**Exercise objective**
Set down the data below from its first line to the line holding "Obraz na płótnie", inclusive; omit all pictures.

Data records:
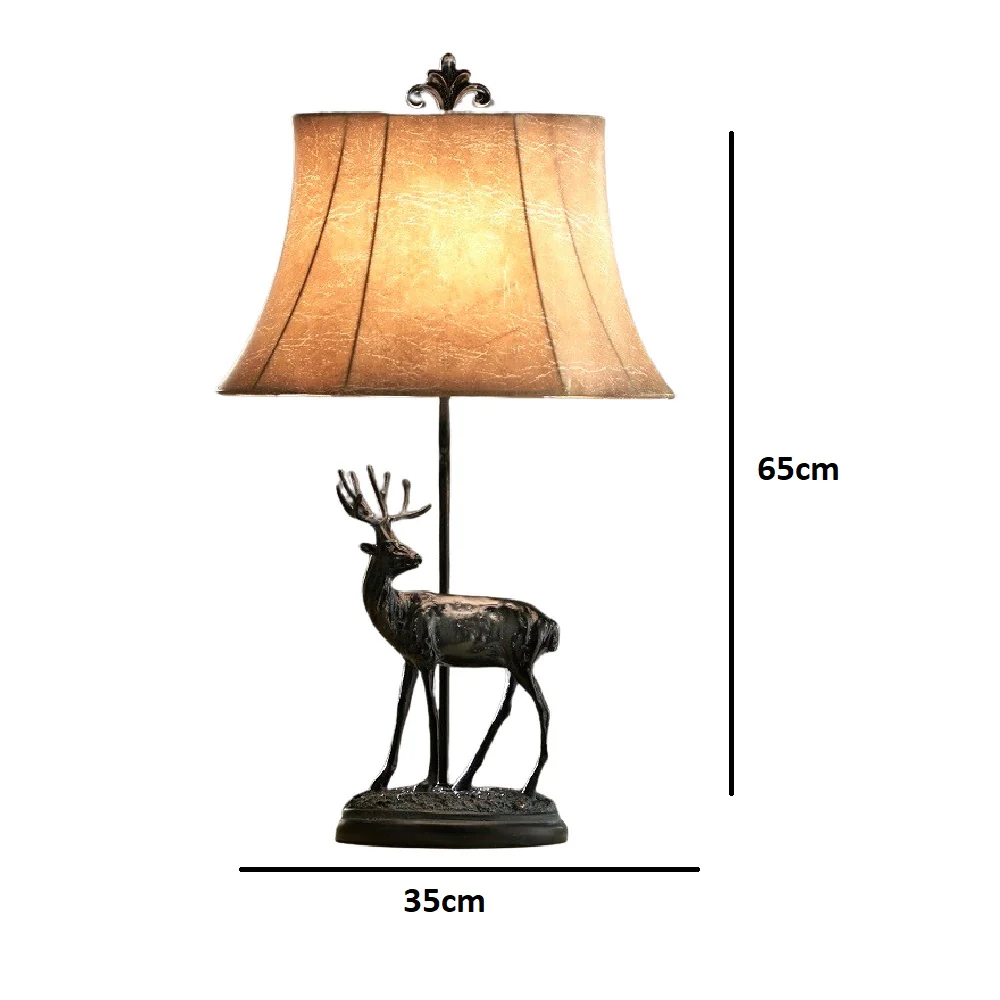 Antique Black Faline Deer Stag Table Lamp with Natural Faux Tapered Shade 65cm - Image 4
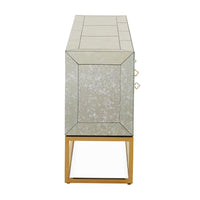 delphine credenza antiqued mirror brass frame - details view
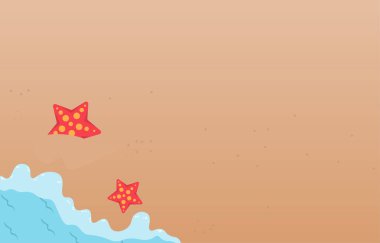 Yaz sahili hava manzarası, üstten deniz vektörü tasarım için serbest alan, toplar, şemsiyeler, minderler ve deniz yıldızlarıyla süslenmiş..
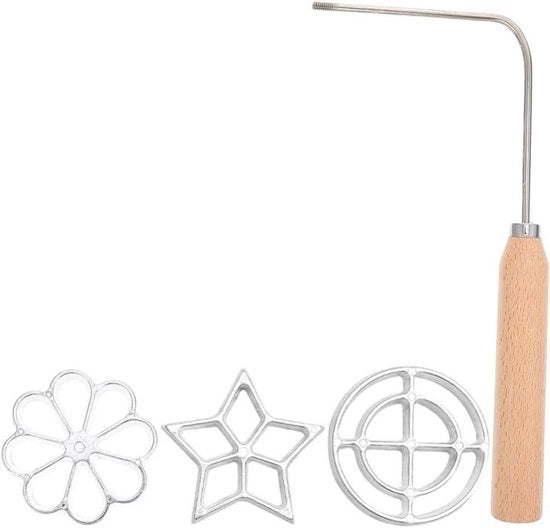 Wafel Muffinatura in Alluminio con Rosetta Svedese e Maniglia in Legno - Assortimento per Frittelle: Torta a Canna Timbale Bunuelos - Adatto per Frittelle - Bunuelos al Vento - Spuntino per Biscotti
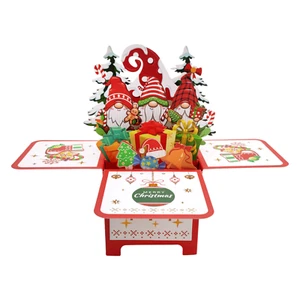 GNOME 3D Pop Up Merry Christmas Holiday Invitation Greeting Card - FAST SHIPPING - Picture 1 of 3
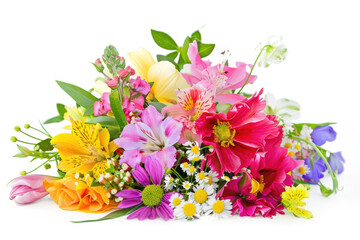 Obraz na płótnie Canvas A vibrant and colorful bouquet of mixed flowers isolated on a white background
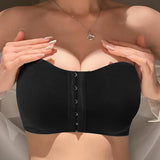 INTIMO SECRETS Women’s Black Removable Padded Ice Silk Traceless Strapless Bra – Wire-Free Seamless Underwear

**Answer section**
 Antique Black Faline Deer Stag Table Lamp with Natural Faux Tapered Shade 65cm - Image 4
 delphine credenza antiqued mirror brass frame - details view
 Yaz sahili hava manzarası, üstten deniz vektörü tasarım için serbest alan, toplar, şemsiyeler, minderler ve deniz yıldızlarıyla süslenmiş..
 Wafel Muffinatura in Alluminio con Rosetta Svedese e Maniglia in Legno - Assortimento per Frittelle: Torta a Canna Timbale Bunuelos - Adatto per Frittelle - Bunuelos al Vento - Spuntino per Biscotti
 GNOME 3D Pop Up Merry Christmas Holiday Invitation Greeting Card - FAST SHIPPING - Picture 1 of 3
 Obraz na płótnie Canvas A vibrant and colorful bouquet of mixed flowers isolated on a white background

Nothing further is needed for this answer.